A-Z Drama Challenge: Tsuki ni Shizumu

Another one that landed on my list after retracing some of my favorite queens of Jpop – this time being none other than Ayumi Hamasaki. A legend in her own right even if she’s no longer at the peak. Her legacy is one that anyone unfamiliar should look into, she was on the cover of TIME magazine in America back in the day, and holds the record for one of the most expensive music videos produced ever.

Tsuki ni Shizumu not being said video, and much more of a side note in her story. It was made in 2002 to couple with the release of her song “VOYAGE”. In fact you could say that “VOYAGE”‘s music video is the super short version. I actually pulled the screenshot for this blog from the MV lol. The full ‘movie’ exists online in various forms but this is one where I bought a DVD copy just to be sure I got the full film, and it would be in the best quality possible.

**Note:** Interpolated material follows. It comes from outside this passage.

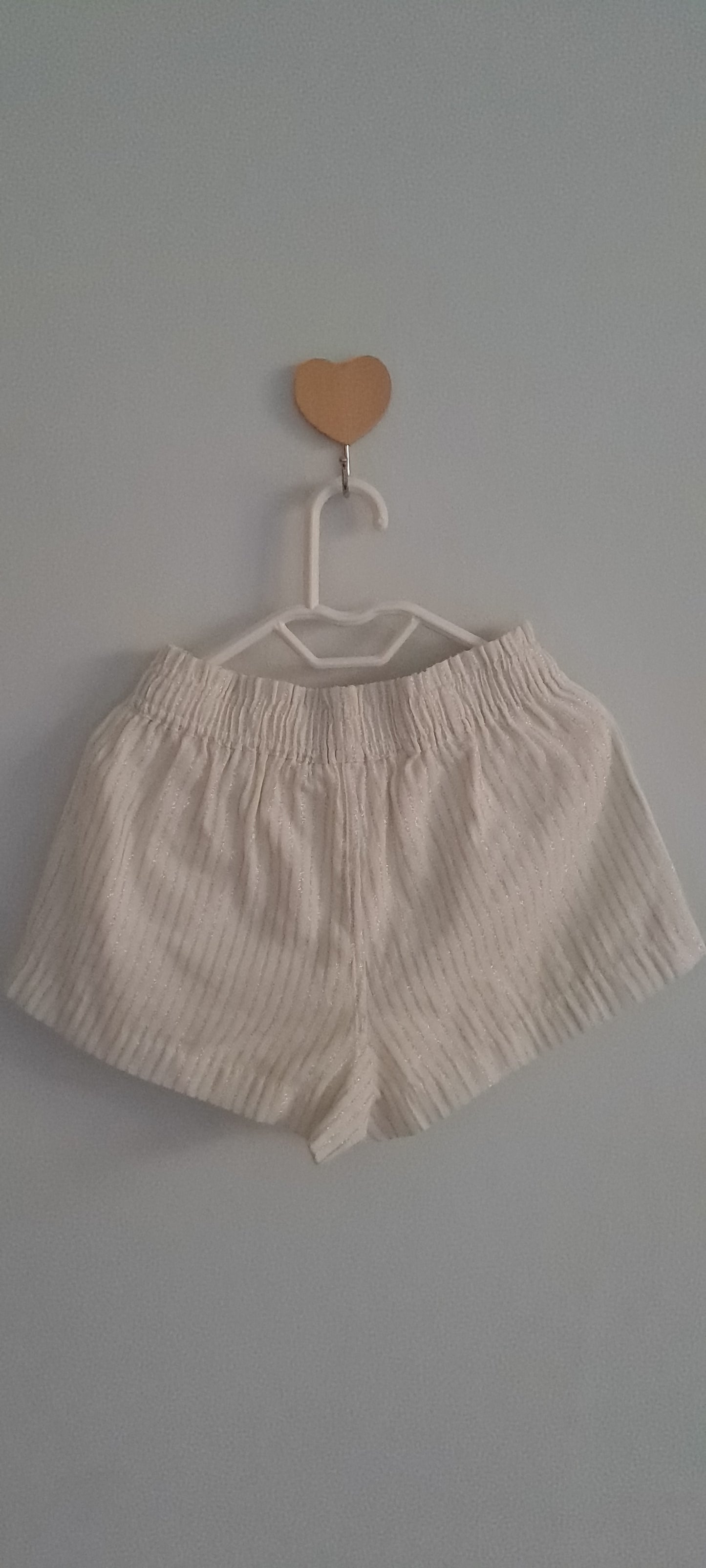 Country Road Baby Girl Off-White Metallic Striped Seersucker Shorts 6-12 Months
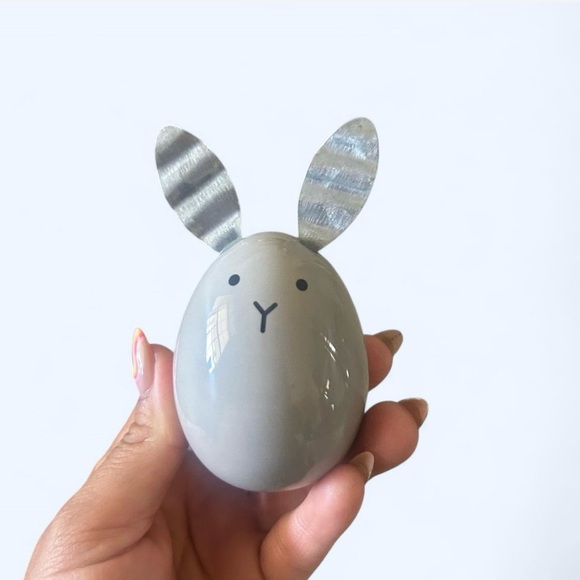 Gray Bunny Egg Decor - Picture 1 of 4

I mean you should just listen to Ayumi anyway, so here’s the MV. A 6 minute sample of the film so to speak.

With all that said, Tsuki ni Shizumu or Sinking into the Moon is a Ayumi Hamasaki’s second and final time as a main character in a major production. Minamo (Ayumi Hamasaki) is a young woman whose unable to sleep due to her terrifying dreams. In her dreams she’s called ‘Kagari’ a woman of the past, whose being primed to be a sacrificial lamb in a mysterious ceremony. She is admitted to a psychiatric ward to try and uncover the truth, only for the doctors to realize the answer may lay outside of Minamo and in the hands of another.

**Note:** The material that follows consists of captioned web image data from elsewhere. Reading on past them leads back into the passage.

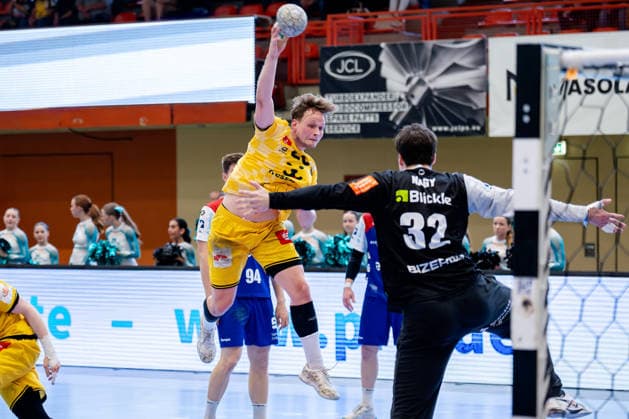 Krefeld, 10 05 2026, Handball, Men, 2 Bundesliga, Matchday 31, 2025 2026 HSG Krefeld Niederrhein HBW Balingen Weilstetten Lukas Siegler HSG Krefeld Niederrhein, 20 during a throw on goal against Benedek Nagy HBW Balingen Weilstetten, 32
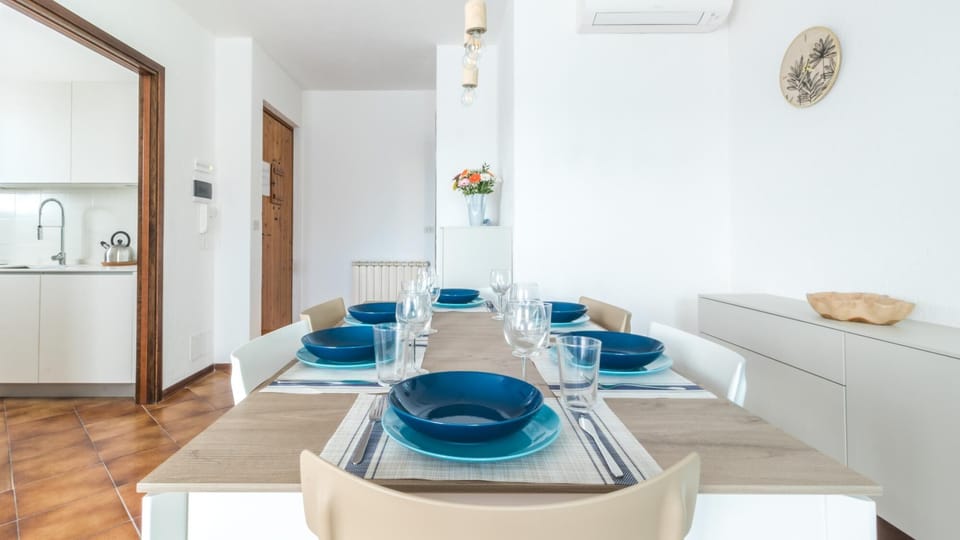House | 2 bedrooms, iron/ironing board, WiFi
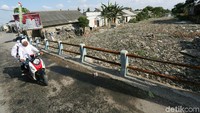 Seorang pengendara melintas di jembatan yang di bawahnya dipenuhi oleh sampah. Agung Pambudhy/detikcom.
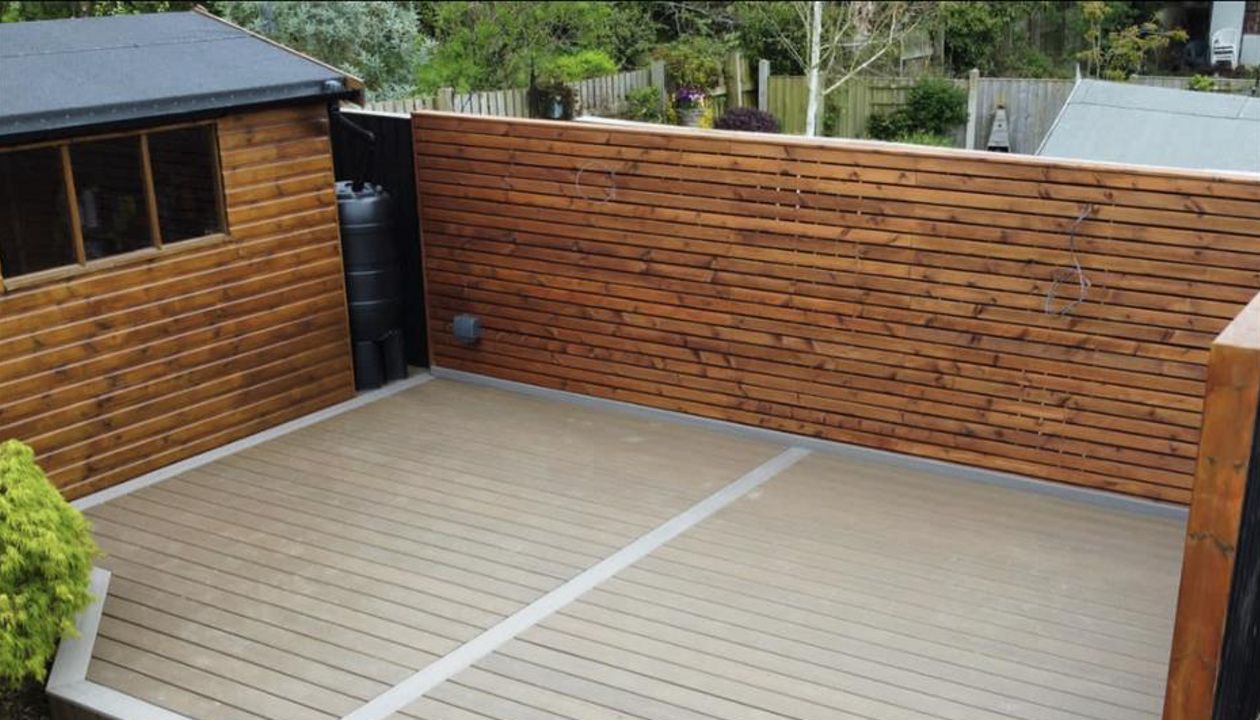 TREX Toasted Sand Main decking with Rocky Harbour Border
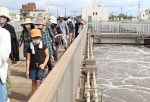 下水処理の仕組み 家族連れら学ぶ　芦田川浄化センターでフェスタ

It’s a very short, and rather concise film running at just around 40 minutes. There’s the romantic elements, and the drama of what-if’s and did-that-really-happen. It’s a really fun idea I think. Building a whole short film around the idea of a song? Honestly an idea ahead of it’s time, if Hamasaki’s juniors are anything to go by.

It’s another film that hasn’t quite aged well in terms of technology. It had a duel VHS and DVD release – 2002 was a fascinating time to be alive. There is that wonderful ‘crunch’ to the film that gives it personality, as well as making a few scenes hard to read. Since this story is based around a dream, and a rather fantastical one at that I think it adds a lot to that mystique.

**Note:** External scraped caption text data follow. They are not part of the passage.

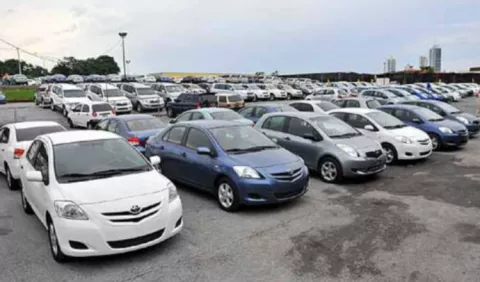 Preocupa entrada de autos dañados por inundaciones en otros países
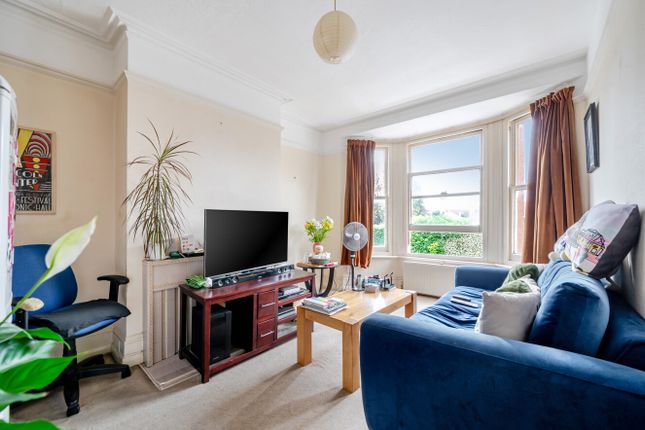 Flat 4 Lancing House, 36, Salisbury Road, West Sussex photo 3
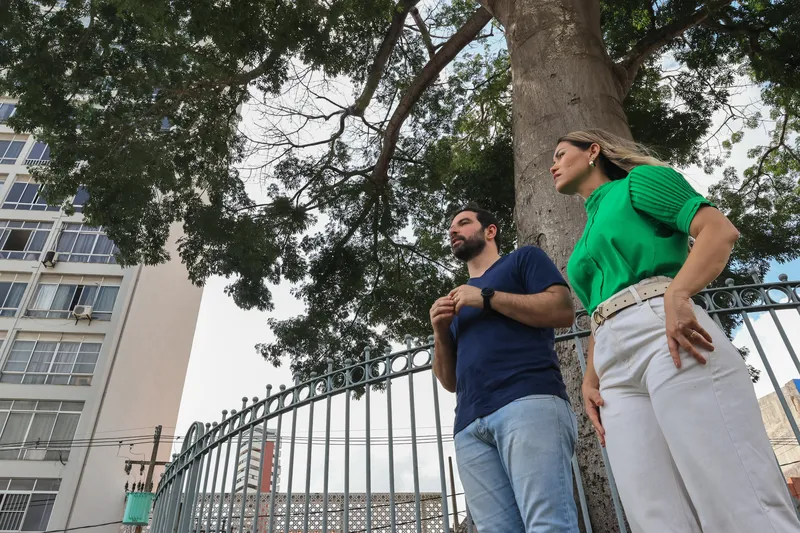 Prefeito Igor Normando e a secretária de Meio Ambiente, Juliana Nobre, acompanharam a vistoria técnica que avaliou a samaumeira centenária e descartou riscos.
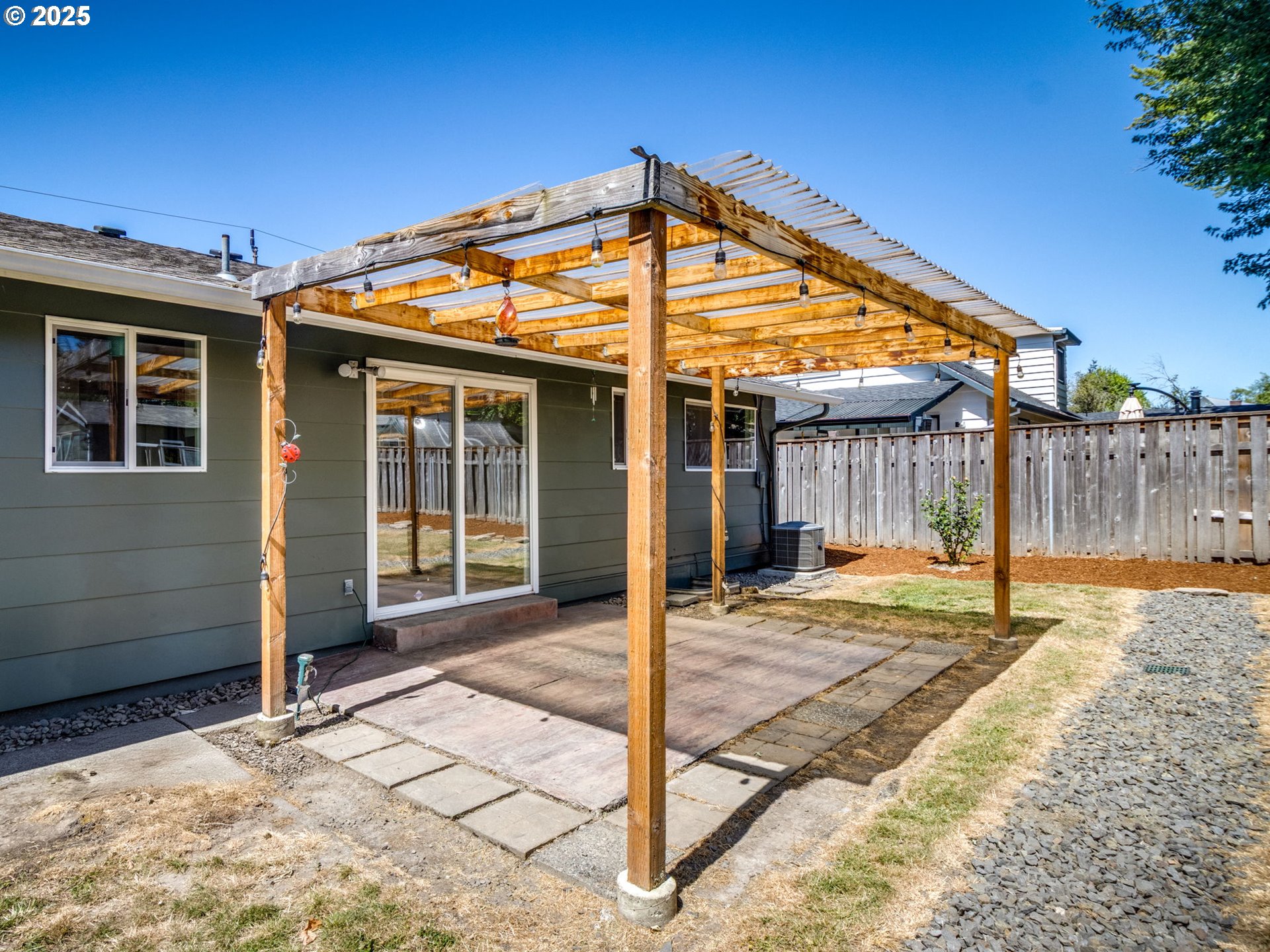 16322 SE ARISTA DR
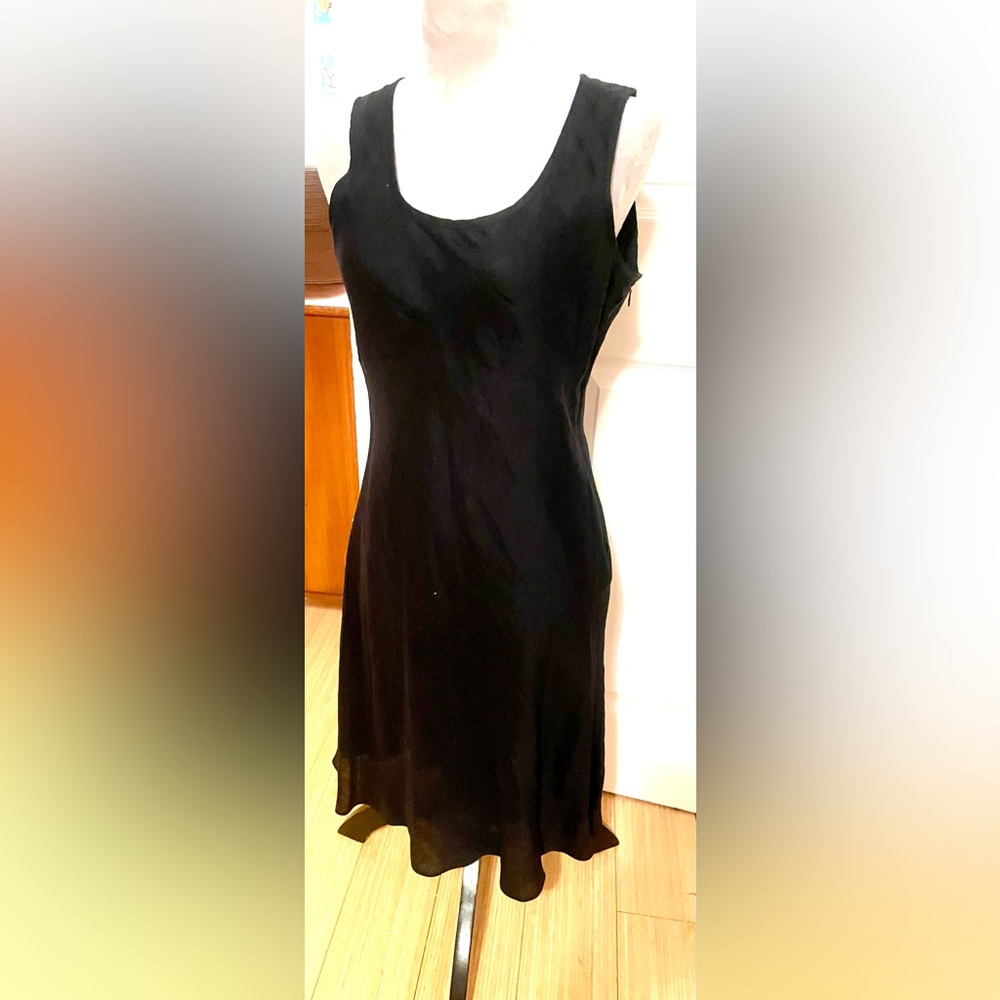 Classic Black Linen Sleeveless Scoop Neck Dress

I mean the perfect blend of practical effects (the tear) and CGI (the moon). Also iconic as hell.

The acting in this one does show why Ayumi never really took anymore roles after it though. She felt very coached with a lot of her expressions feeling very one dimensional. There wasn’t a lot of nuance in her performance, but she did convey a certain amount of emotion. The other thing is that Ayumi has some very distinct voice and speech patterns that just didn’t quite blend here. Her opposite, Iseya Yusuke who played Akira/Takaomi managed to fill in the bigger gaps once he was introduced. He had a much more subdued performance that balanced out the overall feeling.

I think I’m showing my bias here but I just really love this era in Japanese film. The sets were simple, but conveyed enough to make it work. The area where the dream sequences were filmed is positively gorgeous. 10/10 would chose to sink into the moon there. There’s a good balance of practical and special effects that hold up surprisingly well too. Also the music – excellent stuff, it really helped shape the project in a positive way.

Overall, I just really like projects like this. Going in they knew this wasn’t some blockbuster film that would win over critics – they made it because they had the means and desire to. Simple as that. It’s not officially licensed (nor do I see it being anytime soon) but a good keyword search and you can find it subbed. If you’re looking to dip your toes into Japanese cinema I think this is a good place to start. Maybe you’ll sink into liking the film like me.



  1. Iconic! Ayumi Hamasaki was one of the first J-pop acts I ever discovered and got really into, and I still have a huge soft spot for her earlier work, especially late 90 to early 2000s.